### WORK TO COMPLETE
The copy must match the data below line for line and contain no images.

### SUPPLIED DATA
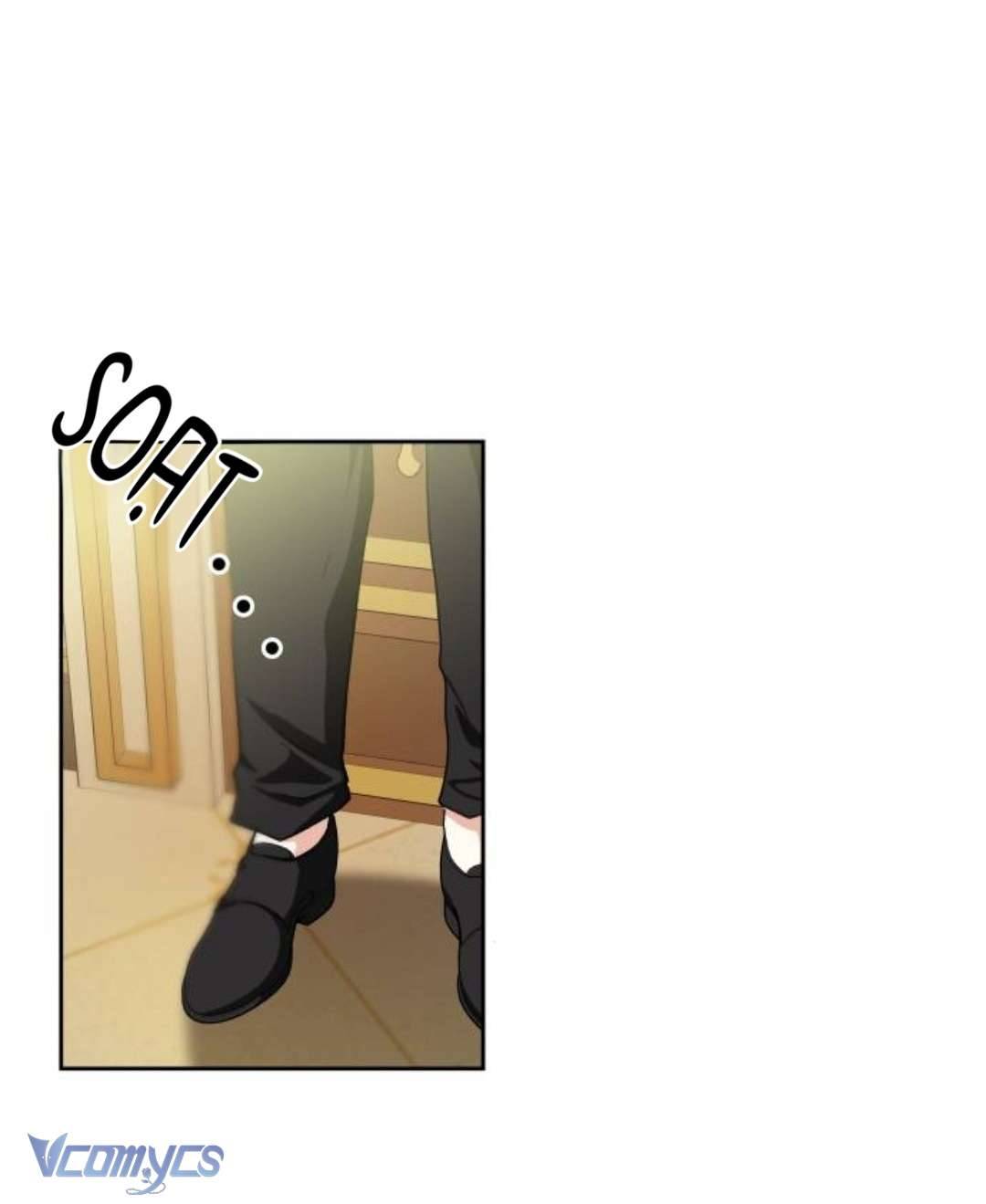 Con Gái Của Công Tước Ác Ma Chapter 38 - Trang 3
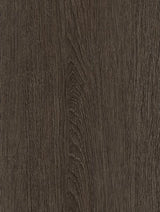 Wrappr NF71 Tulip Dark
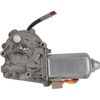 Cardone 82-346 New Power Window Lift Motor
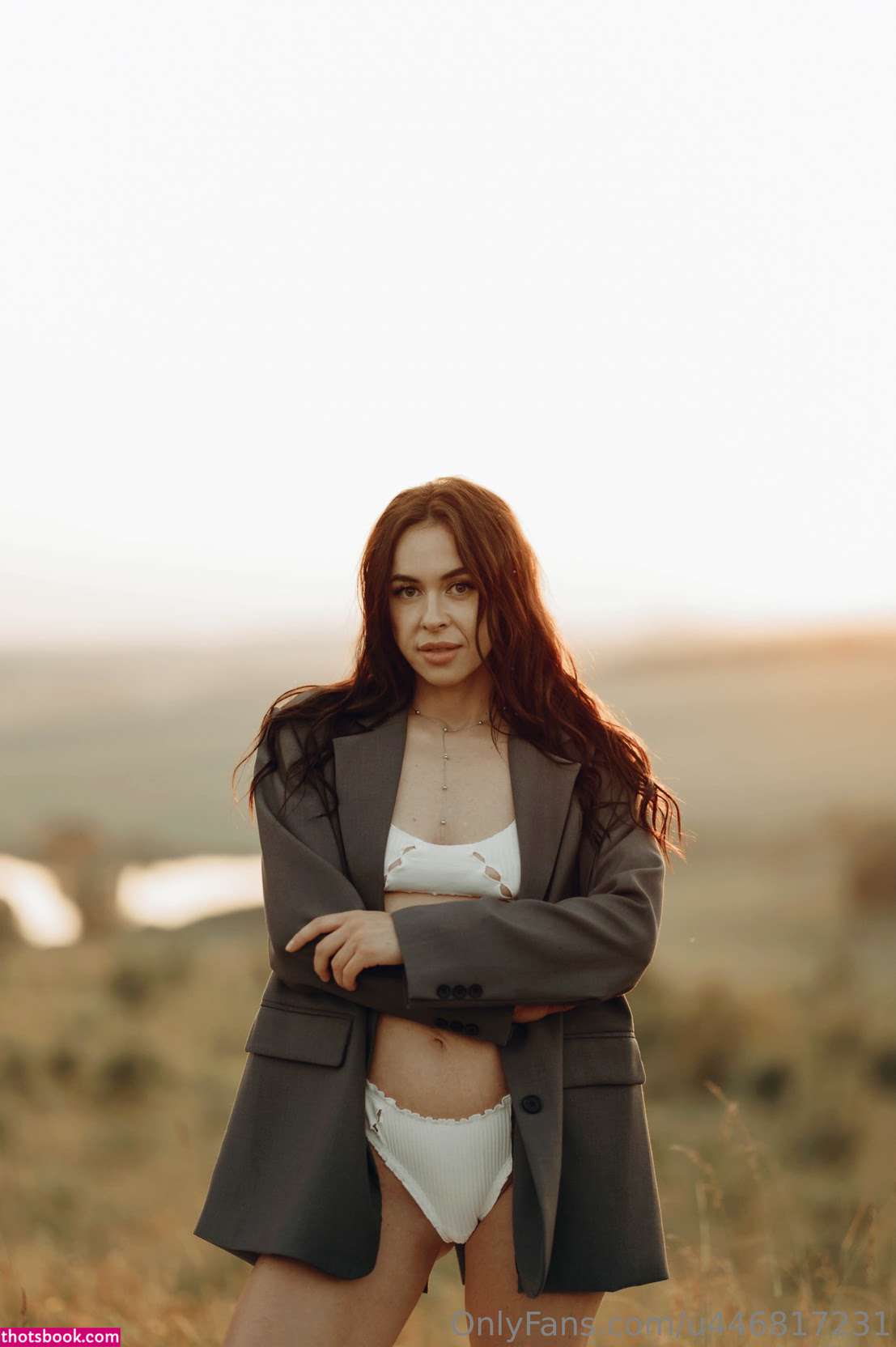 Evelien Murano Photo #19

### YOUR RESPONSE
 Con Gái Của Công Tước Ác Ma Chapter 38 - Trang 3
 Wrappr NF71 Tulip Dark
 Cardone 82-346 New Power Window Lift Motor
 Evelien Murano Photo #19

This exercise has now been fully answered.